The art of delegation




December 20 2018
The art of delegation

Learning to delegate as a manager can be a hard skill to perfect – let’s be honest, it’s often easier to do it all yourself. Management can go hand-in-hand with being a workaholic, where guilt arises if you aren’t doing work that needs to get done. However, doing doesn’t necessarily mean you’re accomplishing anything, especially if you are taking on menial tasks when you should be dealing with larger decisions. What can you do to master the art of delegation and make your office a more productive workplace?  

Play to your team’s strengths 

Remember that you hired your staff for their skills and expertise in the first place. Put these attributes to use by identifying what each employee is good at and what their career plans are, before assigning them duties and tasks that exploit these factors. Realising your team’s capabilities is a great way to enhance their development, but just make sure you don’t assign them tasks that are only going to set them up for failure.  

Frequent, manageable goals are key  

Provide your staff with milestones that work towards a bigger picture. Having little markers of progress that lead to a larger reward will keep your team motivated and on-track. This successful implementation of delegation not only boosts the prospect of work actually being completed, but it also enhances employee responsibility and frees up your schedule to focus on bigger and better tasks.

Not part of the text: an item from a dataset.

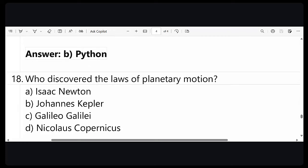Next question: who discovered the laws of planetary motion? Eight of you could not attempt the question. The answer is Johannes Kepler.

When you find the perfect balance of delegation, it can be empowering for both you and your workplace. 

Trust your team 

Embrace humility and acknowledge that you just can’t do it all (no one can!). Placing trust in your team to undertake tasks on your behalf will boost their feeling of responsibility and contribution, and you’ll find that more is accomplished in a group than individually. It is also an opportunity for team members to prove their mettle by taking on more leadership and expanding their skill base.  

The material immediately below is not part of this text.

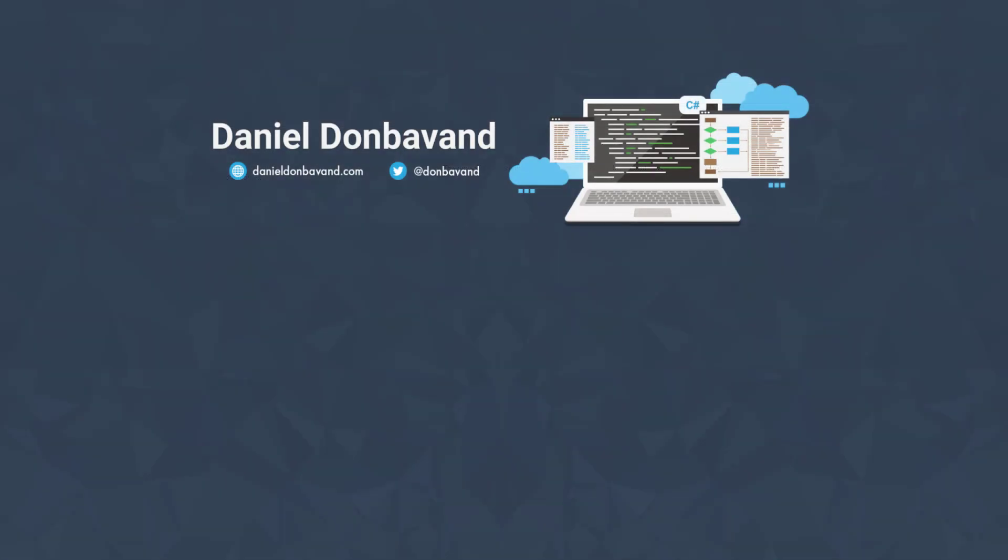That concludes deploying a dockerized .NET Core 2.0 application with Bitbucket pipelines and AWS. I hope you enjoyed this series. Please remember to subscribe to my channel. If there's anything I can help you with, please reach out. Cheers.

Filter before you delegate 

Take the time to assess which tasks aren’t worthy of your time, and the ones that definitely need to stay in your hands. Set up a system or roster where certain staff members take responsibility for tasks previously completed by you, and hand over full control once they’ve proven their capability. 

Perfect opportunity to train your team 

Instead of completing tasks yourself and leaving little time to mentor your team, why not teach a staff member how to do it? You can develop your teaching skills while they get some valuable on-the-job training. Your team was collated on the basis of their abilities, so utilise and develop them through delegation rather than taking tasks back when a mistake is made. 

Shift in mindset

Make your role less about doing and more about leading. Take your focus away from daily tasks and look towards the important duties that are vital to the company. If an entire process can’t be delegated, hand off as much of it as you can before taking on the most significant parts.